Reproduce, exactly and only, the lines of the data that follows from the one containing "Golf putting green" down to the one containing "Pakistan's Khyber Pakhtunkhwa", without pictures.

◆ Data excerpts:

--- START ---

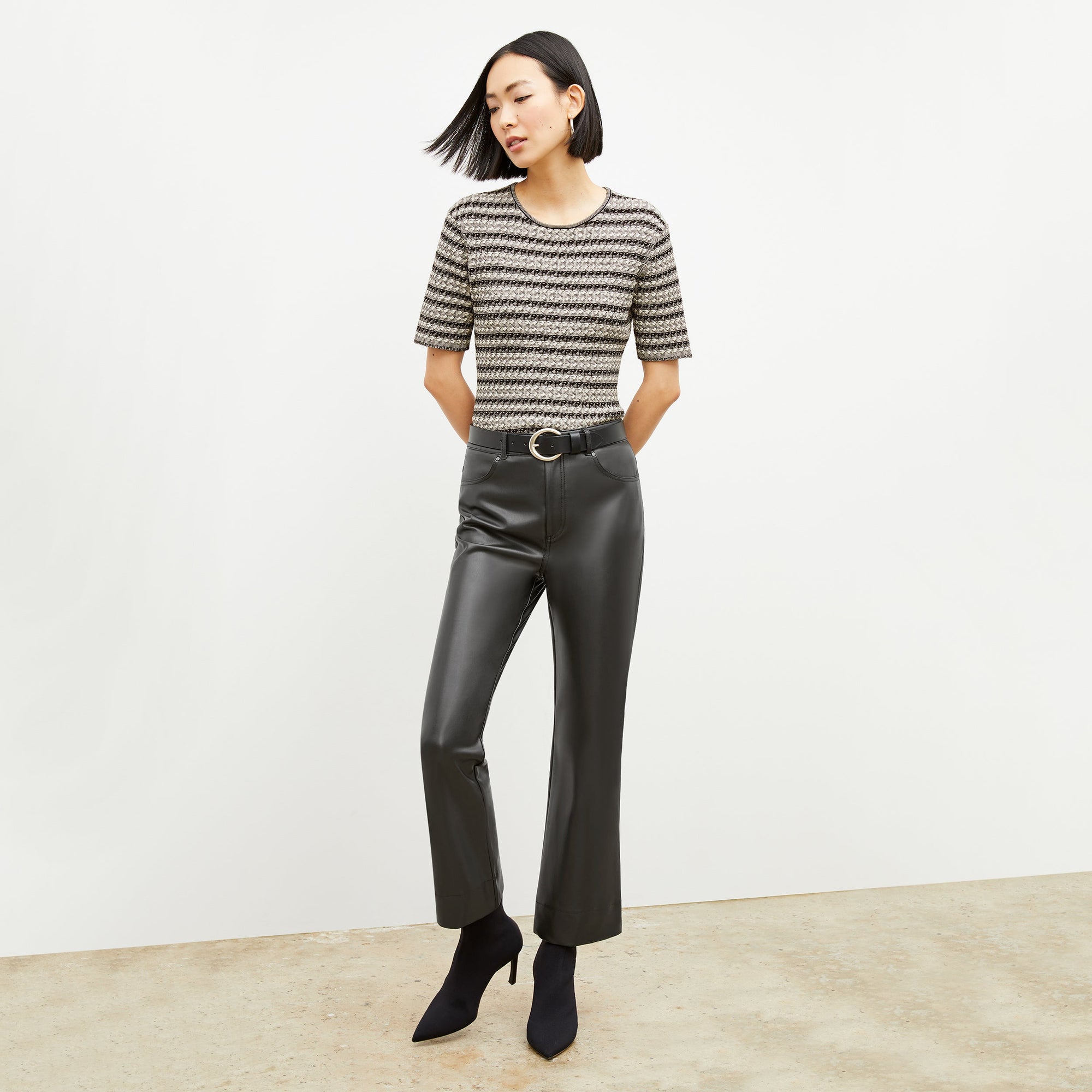 Front image of a woman wearing the archie pant in black | Exclude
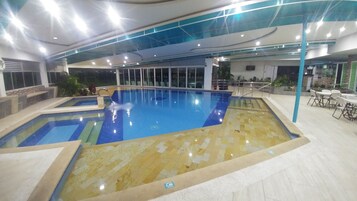Una piscina cubierta, una piscina al aire libre, tumbonas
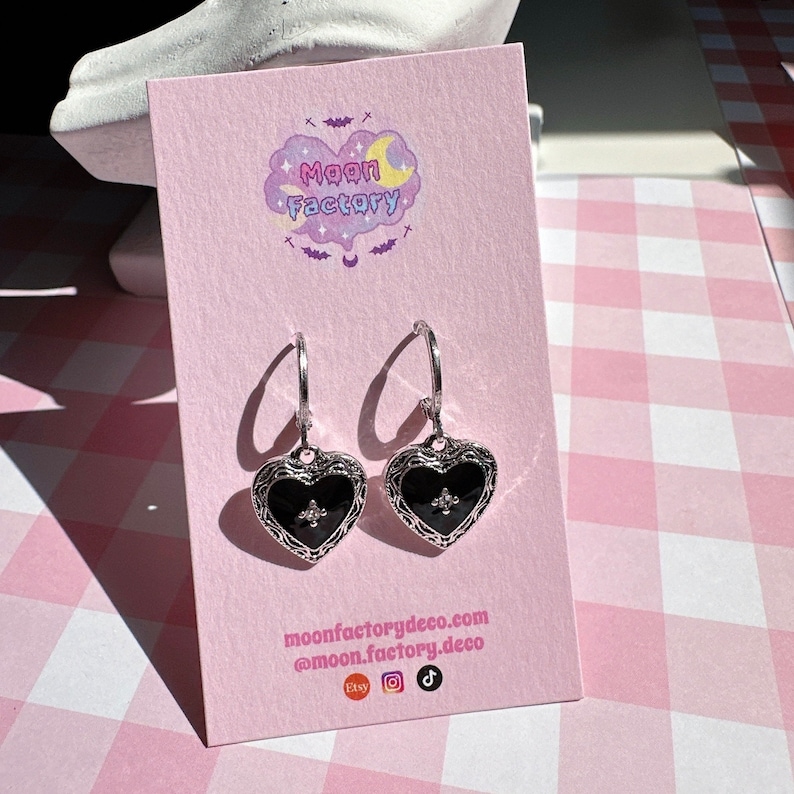 May include: A pair of silver hoop earrings with black heart charms. Each charm has a silver fleur-de-lis design in the center. The earrings are displayed on a pink card with the text "Moon Factory" and the website address "moonfactorydeco.com".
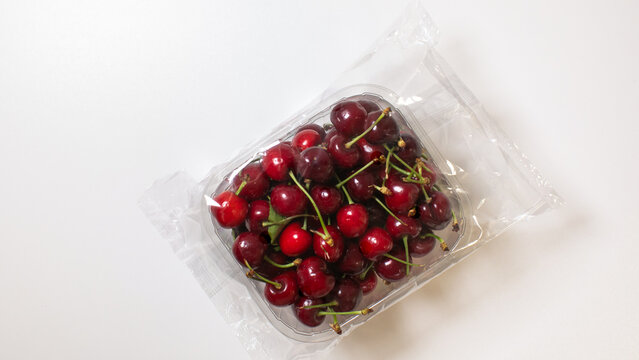 Vibrant cherries nestled in recyclable plastic evoke summer solstice feasts and ancient Slavic Kupala Night rituals, sweetly beckoning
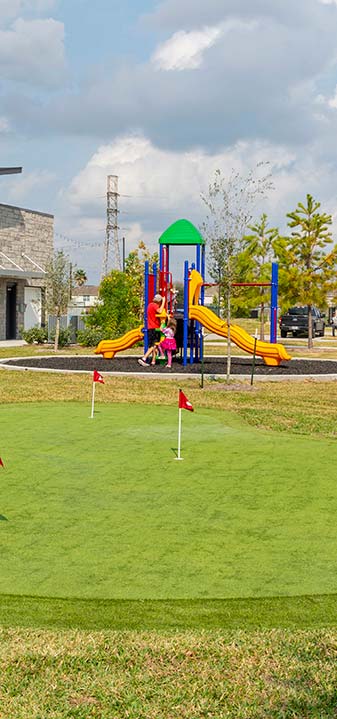 Golf putting green and kids play park at Jet Stream Waller RV Park in Houston Texas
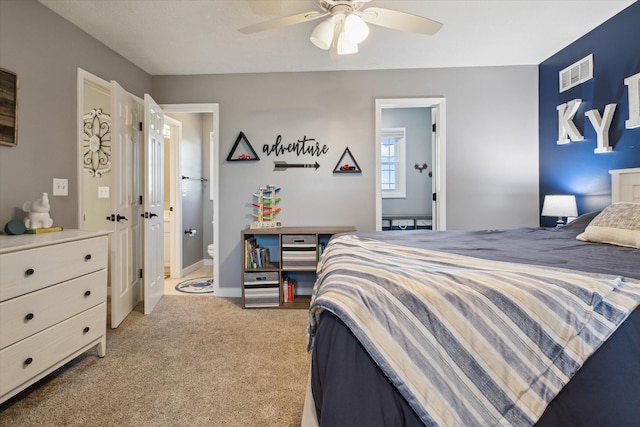 bedroom featuring a ceiling fan, baseboards, visible vents, ensuite bathroom, and light carpet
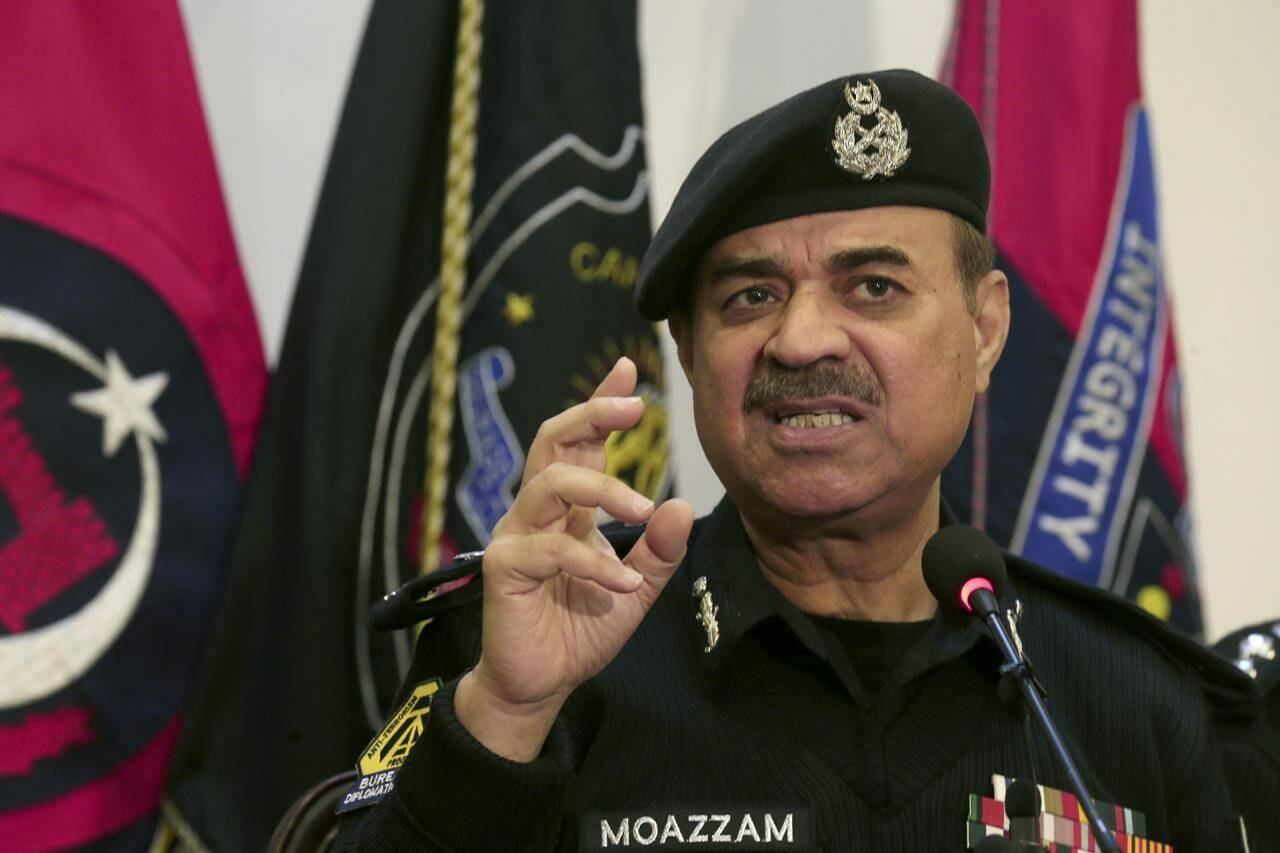 Pakistan's Khyber Pakhtunkhwa provincial police chief Moazzam Jan Ansari speaks during a press conference regarding the investigation of Monday's suicide bombing in Peshawar, Pakistan, Feb. 2, 2023. A suicide bomber who killed 101 people at a mosque in northwest Pakistan this week had disguised himself in a police uniform and did not raise suspicion among guards, the provincial police chief said on Thursday. (AP Photo/Muhammad Sajjad)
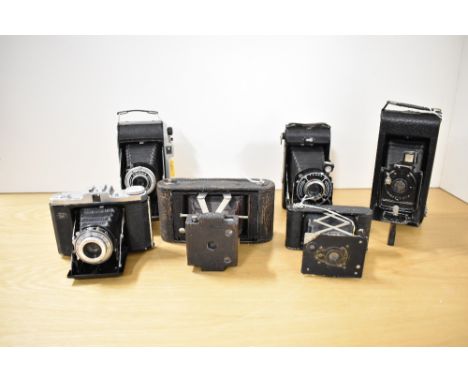 Six folding cameras. A Kodak No1 Folding Pocket camera Model B, a Kodak Junior I -kodette III, a Kodak Vest Pocket Special Au
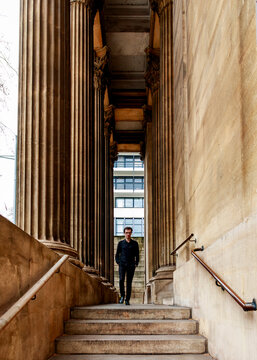 A man in black walks down stone steps between massive classical columns, creating a striking contrast between historical architecture and a modern urban environment.
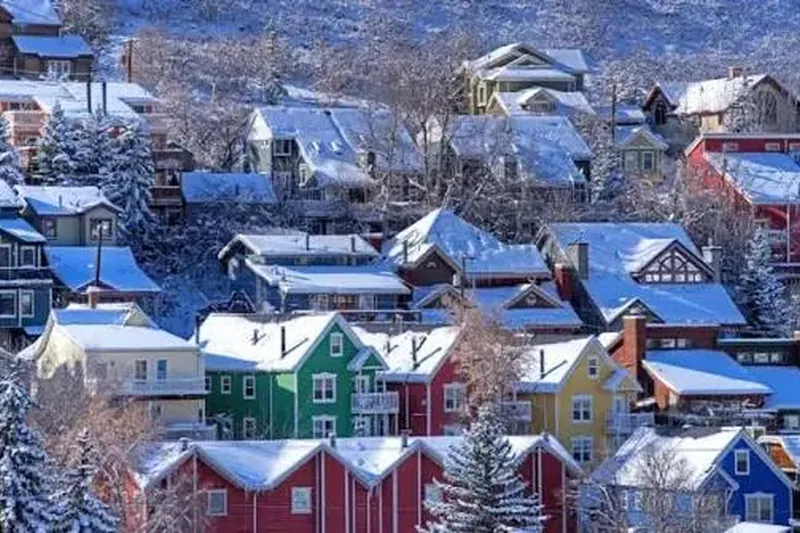 Colorful hillside homes covered in snow near Kamas, Utah, a service area for our house cleaning company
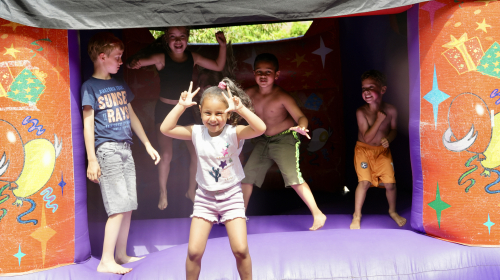 Kinderen tijdens het buurtfeest op het springkussen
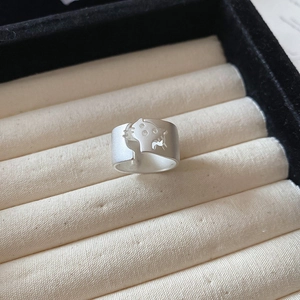 Detail showing the matte silver cat-shaped open ring with a brushed metal texture finish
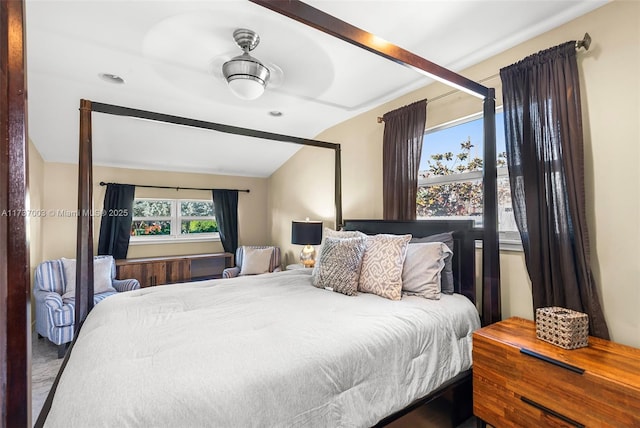 bedroom with vaulted ceiling with beams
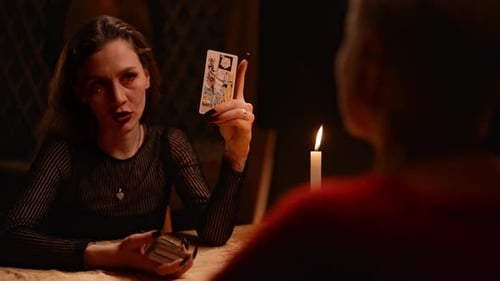 View From Back of Unrecognizable Client to Mysterious Fortuneteller Talking to Adult Woman About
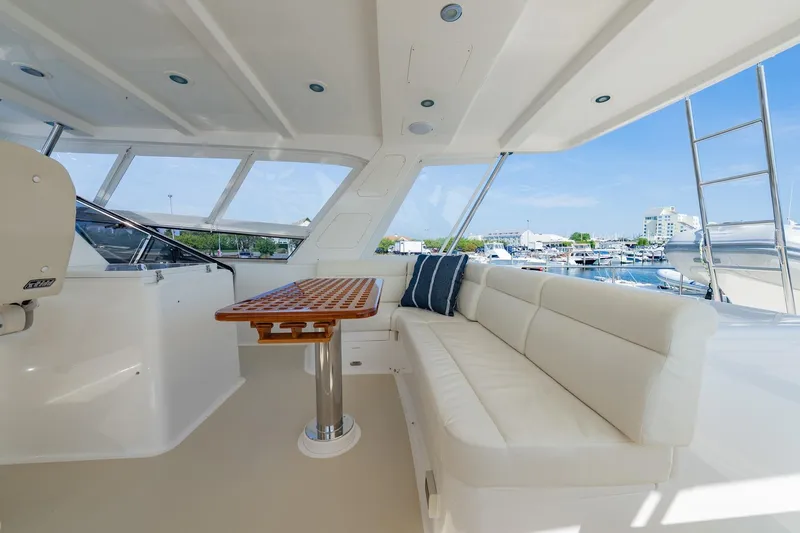 Dash Yacht Photos Pics Luxurious 2016 Grand Banks 72 Aleutian RP yacht interior with plush seating and marina view.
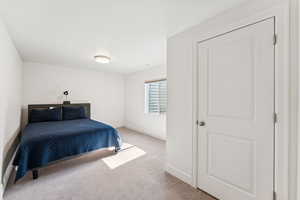 Bedroom featuring light colored carpet and baseboards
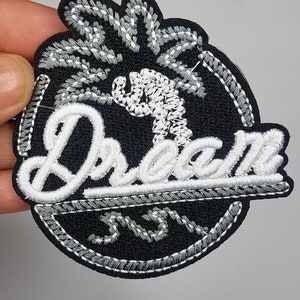Op de afbeelding: Zwarte geborduurde patch met een witte palmboom en het woord "Dream" in witte cursieve letters. De patch heeft een grijze gestikte rand.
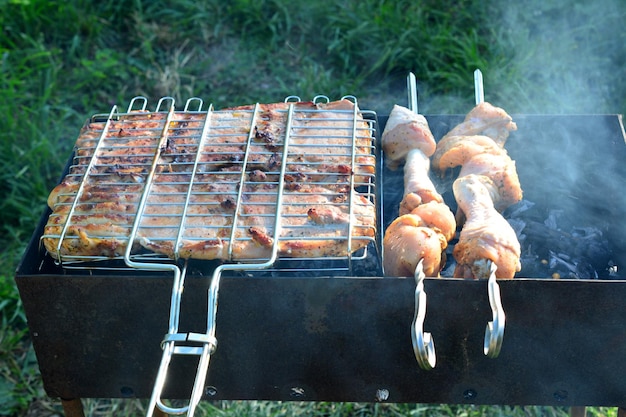 uma grelha com carne de porco e frango isolada com fumaça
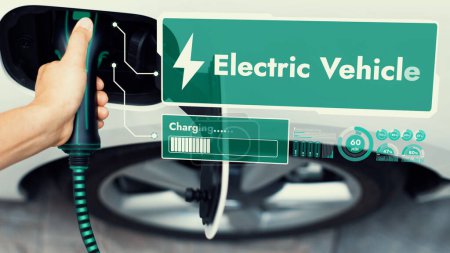 Photo for Top view hand insert EV charger and recharge electric car from charging station displaying futuristic battery status hologram. Smart sustainable clean energy. Peruse - Royalty Free Image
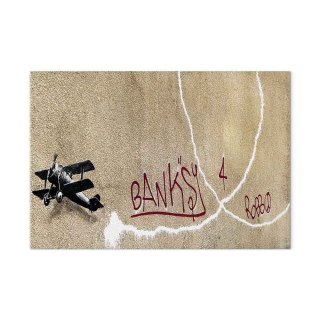 Obraz - Samolot Banksy (1-częściowy) - graffiti czerwone napisy na tle muralu 120x80 Premium Print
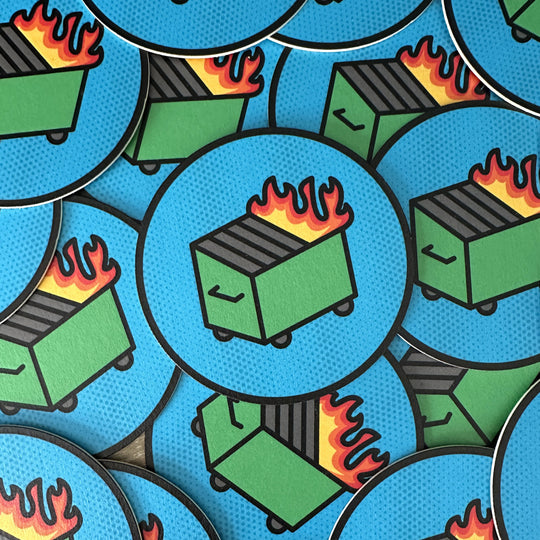 A pile of dumpster fire coasters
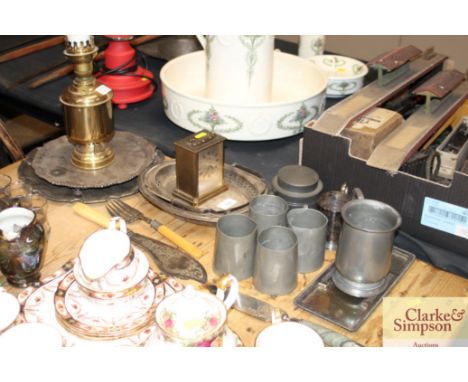 A collection of silver plated ware to include trays, cutlery, a brass converted oil lamp, pewter tankards etc. 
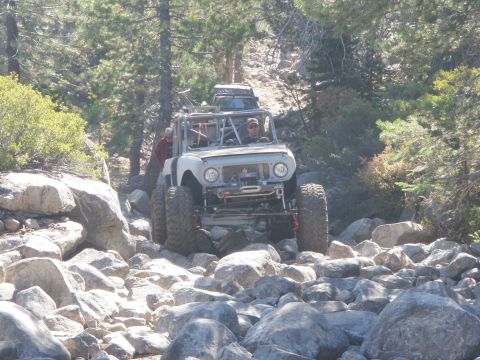 1961 International Scout 800 - Modified 1961 International Scout 800 navigates a challenging rocky trail, with another vehicle visible behind it.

--- END ---

◆ Result for this exercise:
 Golf putting green and kids play park at Jet Stream Waller RV Park in Houston Texas
 bedroom featuring a ceiling fan, baseboards, visible vents, ensuite bathroom, and light carpet
 Pakistan's Khyber Pakhtunkhwa provincial police chief Moazzam Jan Ansari speaks during a press conference regarding the investigation of Monday's suicide bombing in Peshawar, Pakistan, Feb. 2, 2023. A suicide bomber who killed 101 people at a mosque in northwest Pakistan this week had disguised himself in a police uniform and did not raise suspicion among guards, the provincial police chief said on Thursday. (AP Photo/Muhammad Sajjad)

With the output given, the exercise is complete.